_WORK REQUIRED_:
Return each line exactly, from the one that has "13.09.2026 - Kiel" through the end of the entries, both ends included. Pictures do not belong.
========================================
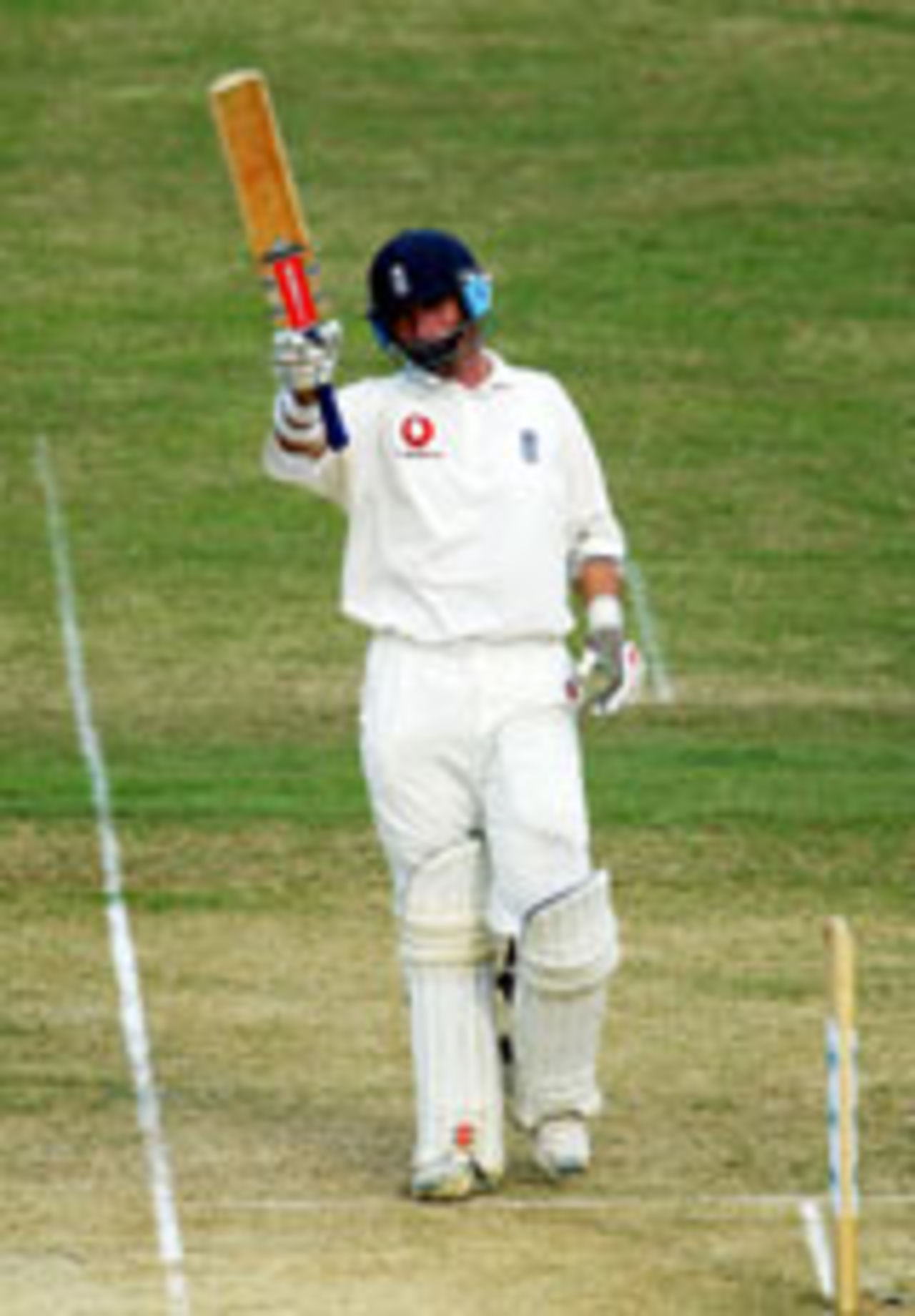 Nasser Hussain acknowledges his fifty, Bangladesh v England, 2nd Test, Chittagong, October 31, 2003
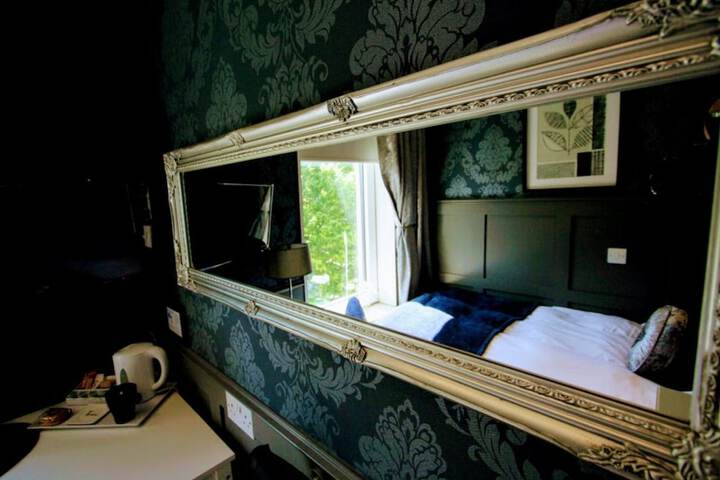 Room 17 of 130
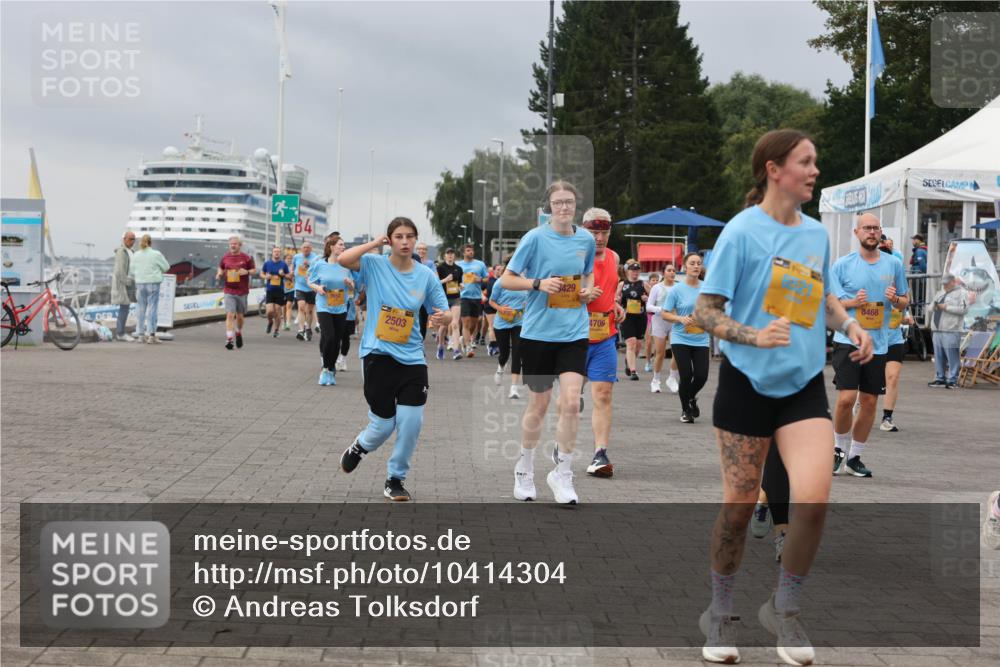 13.09.2026 - Kiel Lauf Andreas Tolksdorf http://msf.ph/oto/10414304 13.09.2026 10:05:15 Kiellinie 2503, 429, 4709, 8468 meine-sportfotos.de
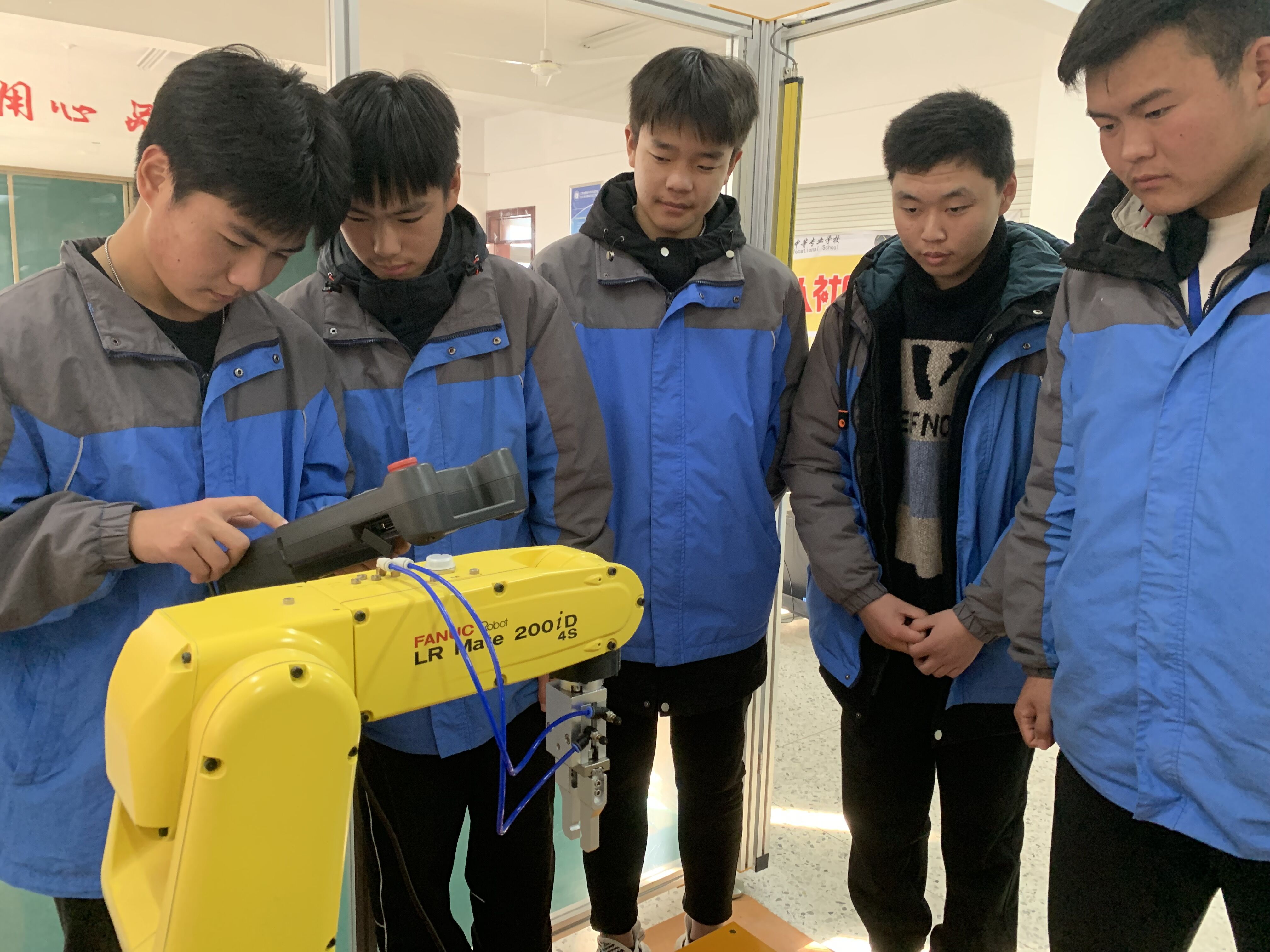 赣榆中专依托职业体验中心提升学生职业素养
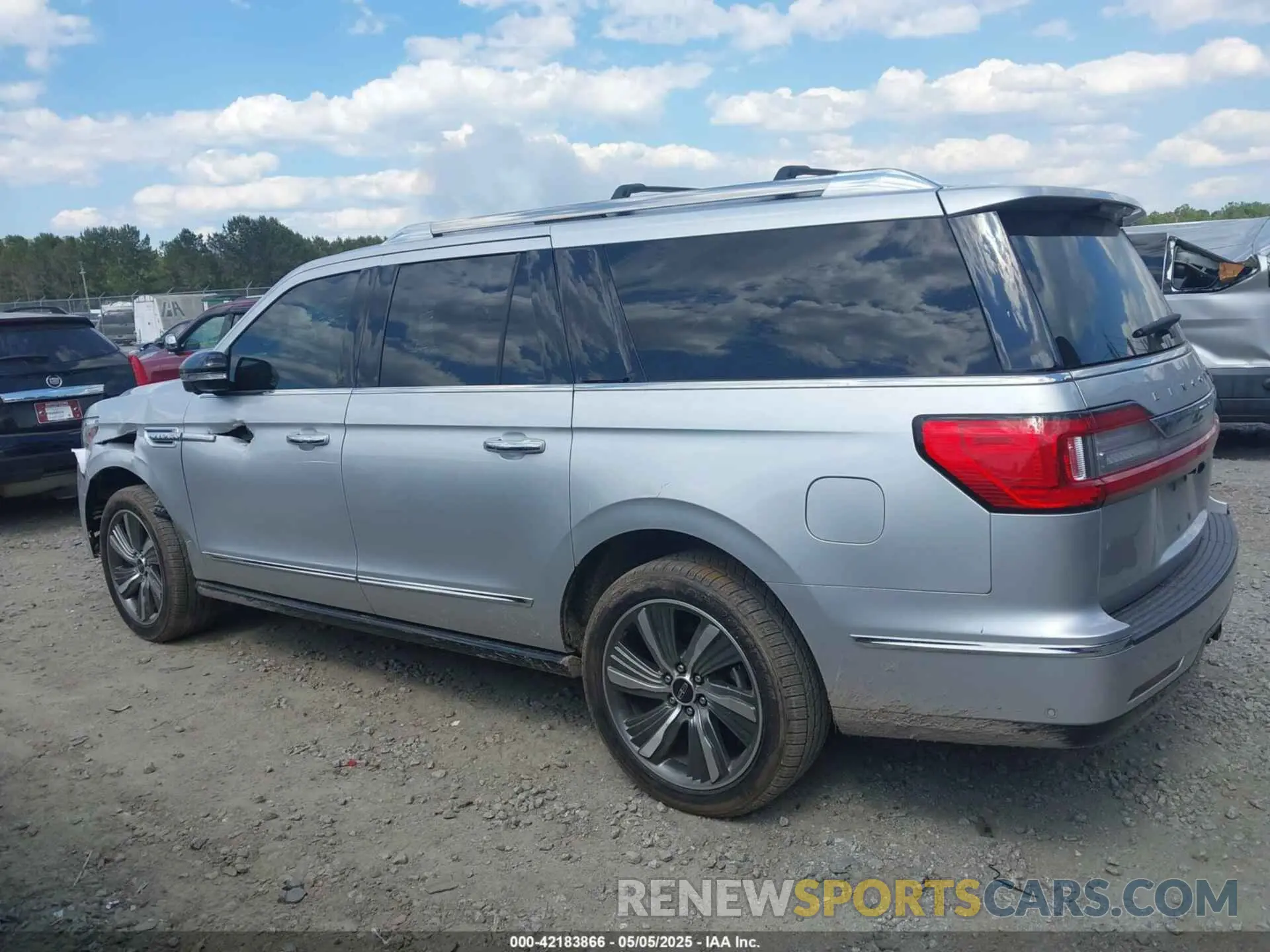 14 Photograph of a damaged car 5LMJJ3LT9KEL04872 LINCOLN NAVIGATOR L 2019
========================================
_EXERCISE OUTPUT_:
 13.09.2026 - Kiel Lauf Andreas Tolksdorf http://msf.ph/oto/10414304 13.09.2026 10:05:15 Kiellinie 2503, 429, 4709, 8468 meine-sportfotos.de
 赣榆中专依托职业体验中心提升学生职业素养
 14 Photograph of a damaged car 5LMJJ3LT9KEL04872 LINCOLN NAVIGATOR L 2019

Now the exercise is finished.